When it comes to “hard” news issues like foreign policy and national security, male voices dominate. It’s not because there aren’t women with views and opinions though — it’s because we read more competence and authority into the male voice, and we socialize women out of feeling that they’re entitled to an opinion. In the Guardian:
That media bylines are disproportionately male is a well-documented fact. Female bylines are particularly absent in legacy media pieces about the economy, international politics, social action and security. Part of that is the narrow and cyclical world of opinion journalism: op-ed writers are more likely to be printed in a prestigious publication if their work has been printed in a prestigious publication before, so the guy who wrote a couple one-offs about the Middle East for an impressive publication five years ago probably has a better shot at publishing an op/ed tomorrow than the woman who has studied the issues and worked in the region for a decade but hasn’t ever published. Men have dominated journalism and the international politics space for a long time; their publishing legacies make it easier for them to be published going forward.
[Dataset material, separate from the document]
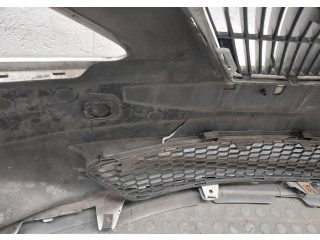 Бампер Lexus IS 2005-2013 передний 5211953926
Columns about so-called “hard” political issues like security and foreign affairs also require a commanding editorial voice. Cultural conditioning leads us to perceive women’s words as less authoritative, and women themselves as less competent than men – and our perceptions shift based on a name alone. One Yale study found that science researchers evaluated candidates with female names on their resumes as less competent and less hirable than male-named candidates with identical experience; the male candidates were offered higher salaries and more career mentoring. It wasn’t intentional sexism, and the science faculty always had clearly-articulated gender-neutral reasons for why they preferred the male candidate. But it’s not a stretch to suggest that we likely read a level of competence, intelligence and authority into op-eds with male bylines that female writers are not afforded.
Unlike a comparison of identical resumes, writing is a craft, and its evaluation subjective. There are many hard-and-fast rules of what makes something “good,” but there’s a lot of personal opinion in there too. That can elicit even further unconscious gender bias. Other industries have sought to challenge unintentional sexism by removing gender from the equation. For example, orchestras around the globe began using blind auditions in the 1970s and 80s to screen new members; that method significantly increased the number of female musicians earning orchestral seats. It wasn’t that male musicians were better; it was that their being male led listeners to perceive them as better. Writing isn’t all that different.
We’re also accustomed to seeing men in positions of power. Men account for 479 of the CEOs of Fortune 500 companies. They make up 82% of the US Congress, 86% of executive officers and 84% of corporate board members. Men tend to be promoted on the basis of potential, whereas women earn promotions through accomplishments. To put that another way, women have to prove their abilities, while men are assumed to have them. As men move up the ranks, they’re seen as more likable. For women who enter positions of power, it’s the opposite. We see examples all the time in powerful women who are routinely imaged as nagging or shrewish or insufficiently nice — Hillary Clinton, Michelle Obama, Stephanie Cutter.
Like the scientists who sincerely believed they had valid reasons for choosing the male candidates over the female ones and the members of audition panels who sincerely believed they had valid reasons for selecting male musicians, editors no doubt sincerely believe they’re simply selecting “better” op/eds from male writers. Readers no doubt sincerely believe they take written words at face value and evaluate articles fairly based on content and not bylines.
A sincere belief, though, is not a fact.